Na sua fase produtiva, o capitalismo impõe um culto à produção, à matéria, às
transformações das matérias primas em produtos. Esse culto é tão forte que
contaminou o próprio comunismo, em suas tentativas falhadas de substituir o
adversário. Estatizando o Capital e glorificando o Trabalho, o comunismo
perpetuou e ampliou as ladainhas à máquina, à indústria, à produtividade, à
transformação da natureza. Materialista por definição, o comunismo foi, neste
aspecto, uma mutação avançada do capitalismo. Só existe o que é “material”.
O que destruiu o capitalismo e vai destruir o mundo (não se enganem) é o
estágio seguinte, em que a Matéria cede lugar ao Símbolo. O capitalismo deixa
de ser concreto e passa a ser abstrato. Já não conta mais quantas moedas de
ouro você possui, e sim quantos zeros você acumula em suas contas bancárias. O
Capitalismo Financeiro sucedeu ao Capitalismo Produtivo e começou a tirar
milhões de coelhos virtuais de dentro da inesgotável cartola das manipulações
bancárias.
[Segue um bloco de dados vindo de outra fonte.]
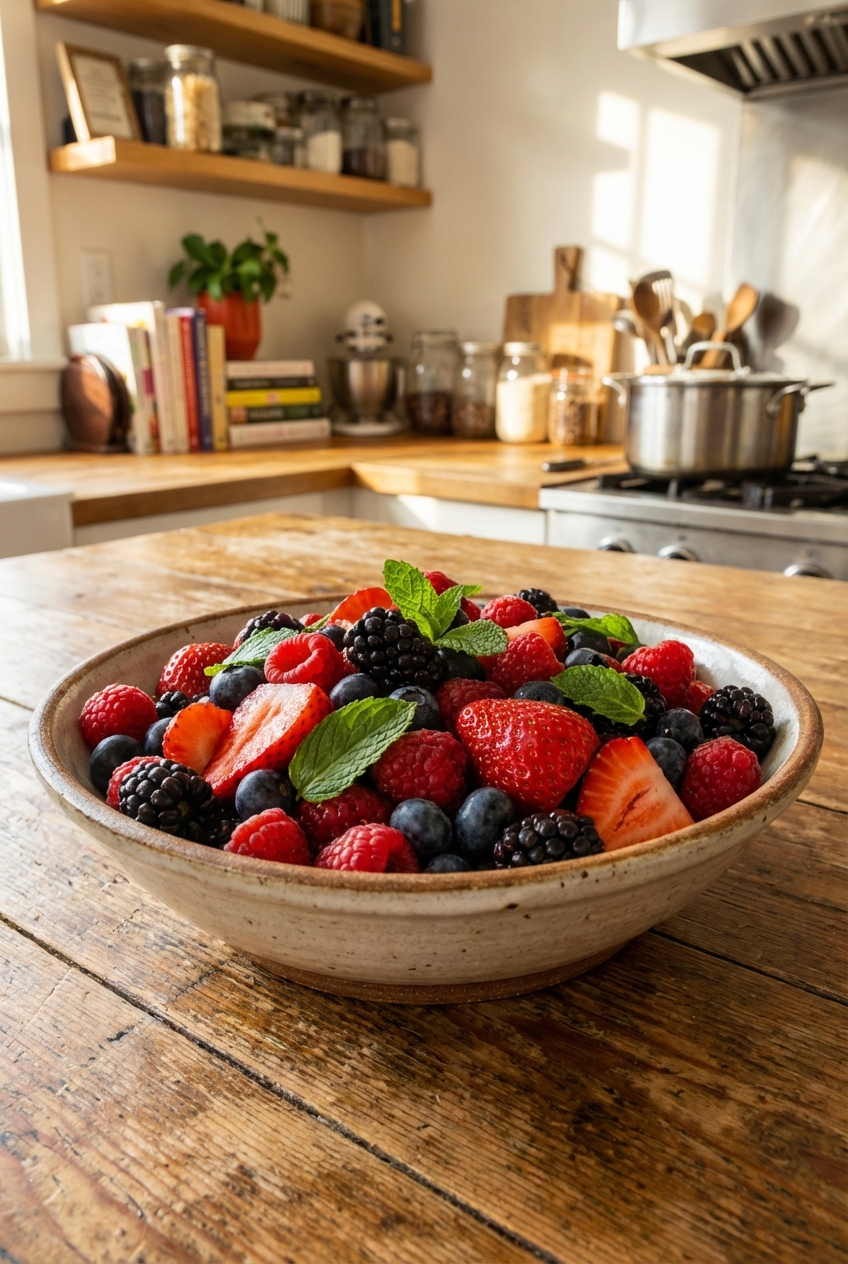A bowl of mixed berry fruit salad with mint leaves on top on a wooden table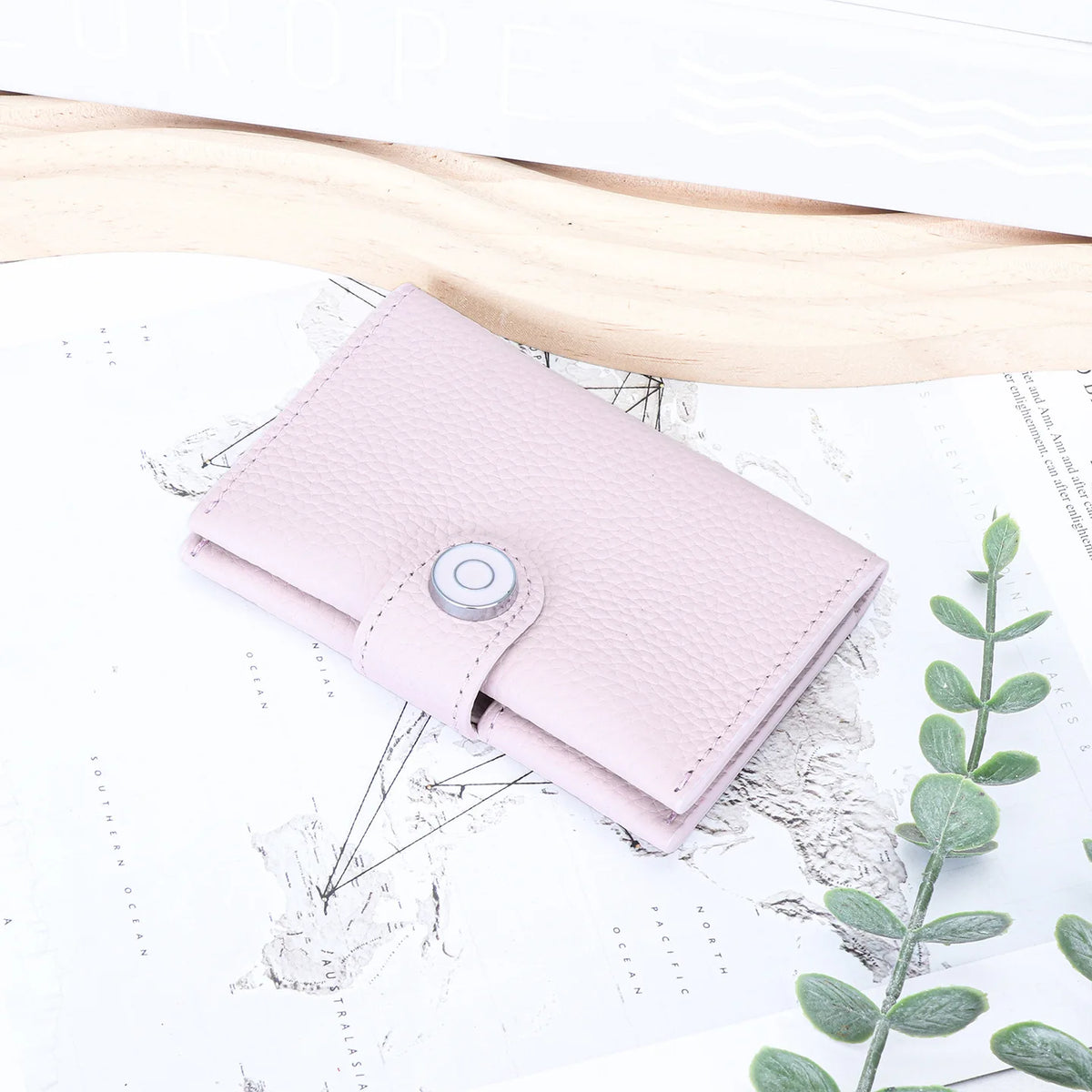 Porte-cartes ultra-fin en cuir véritable avec fermeture pression pour femme et homme — photo 10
É irônico que um sistema de pensamento tão voltado para o que é
sólido tenha se desmanchado no ar com tanta facilidade; e que as “águas
glaciais do cálculo egoísta” tenham se evaporado nessa neblina impalpável,
nessa nuvem dos trilhões de dólares inexistentes que são negociados todos os
dias nos mercados mundiais. Trilhões de zeros que bancos, empresas e países
vendem, compram, revendem, emprestam, dividem, partilham, multiplicam, como se
esses zeros todos valessem alguma coisa, como se existisse algum lastro
produtivo (ouro, prata, grãos, capim, sei lá, qualquer coisa que servisse para
algo no mundo real). O Capitalismo embebedou-se de Capital, passou a se
alimentar não de produção mas de ficções financeiras, como um drogado que deixa
de comer e de beber água, para poder continuar se drogando.